It seems that it has changed over the years because right now there is no option to train a model with your own voice. I have found out about the ability of GAN for creating voice lines that was done by Lyrebird. Twilight Sparkle will say “Today is a great day” with a sad tone, which implies sarcasm in the way it is told. I decided to try out this feature and it actually works quite well, definitely more than what I expected. Intonation & EmotionĪnother interesting thing from 15.ai is how it uses DeepMoji to predict the emotion of a sentence.Ĭurrently, we could not manually set the emotion of the voice, as the only available choice for emotion is “Contextual” which uses DeepMoji.

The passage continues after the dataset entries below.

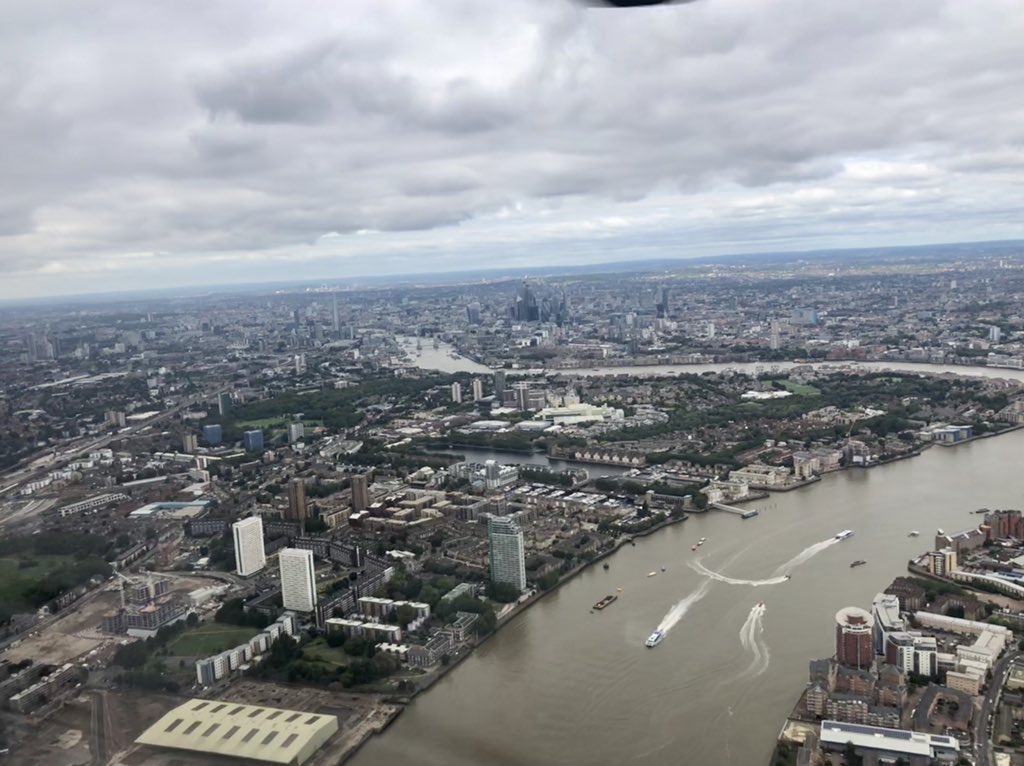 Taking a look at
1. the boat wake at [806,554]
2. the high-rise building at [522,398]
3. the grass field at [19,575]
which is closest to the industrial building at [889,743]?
the boat wake at [806,554]

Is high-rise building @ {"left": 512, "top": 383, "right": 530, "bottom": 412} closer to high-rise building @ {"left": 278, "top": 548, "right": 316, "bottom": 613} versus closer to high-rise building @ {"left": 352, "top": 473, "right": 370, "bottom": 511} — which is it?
high-rise building @ {"left": 352, "top": 473, "right": 370, "bottom": 511}

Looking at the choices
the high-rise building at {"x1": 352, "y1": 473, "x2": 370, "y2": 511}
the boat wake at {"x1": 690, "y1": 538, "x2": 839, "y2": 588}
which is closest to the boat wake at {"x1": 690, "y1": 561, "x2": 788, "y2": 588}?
the boat wake at {"x1": 690, "y1": 538, "x2": 839, "y2": 588}

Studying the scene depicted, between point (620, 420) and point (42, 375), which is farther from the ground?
point (42, 375)

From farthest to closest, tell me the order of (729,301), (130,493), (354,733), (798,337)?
(729,301) → (798,337) → (130,493) → (354,733)

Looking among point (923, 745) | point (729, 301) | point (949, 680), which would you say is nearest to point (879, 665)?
point (949, 680)

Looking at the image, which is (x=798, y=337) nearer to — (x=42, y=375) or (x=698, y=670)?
(x=42, y=375)

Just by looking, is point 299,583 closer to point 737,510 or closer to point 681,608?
point 681,608

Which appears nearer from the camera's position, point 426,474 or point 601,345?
point 426,474

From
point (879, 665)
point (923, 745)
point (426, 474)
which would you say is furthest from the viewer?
point (426, 474)

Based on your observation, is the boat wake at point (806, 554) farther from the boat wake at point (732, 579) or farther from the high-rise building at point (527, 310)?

I think this is due to a lot of the training data comes from MLP characters which have these characteristics in general. The author also noted that due to technical reasons (approximately uniformly distributed vocal frequencies), high-pitched/feminine voices work best. MLP characters such as Twilight Sparkle and Fluttershy that have upwards of 120 minutes training data sounds way, way better and more natural compared to SpongeBob with only 27 minutes of training data.Ĭharacters with large training data produce more natural dialogues with clearer inflections and pauses between words, especially for longer sentences. However, the difference in quality between characters with small and large training data is still quite apparent. Screenshot of MLP Character in 15.ai by Author I was going to leave it at the creator must be a huge fan of MLP, but I found this tweet under the FAQ titled “Why are there so many MLP voices?” One unexpected lineups that I saw is from My Little Pony which has over 40+ characters to be selected from.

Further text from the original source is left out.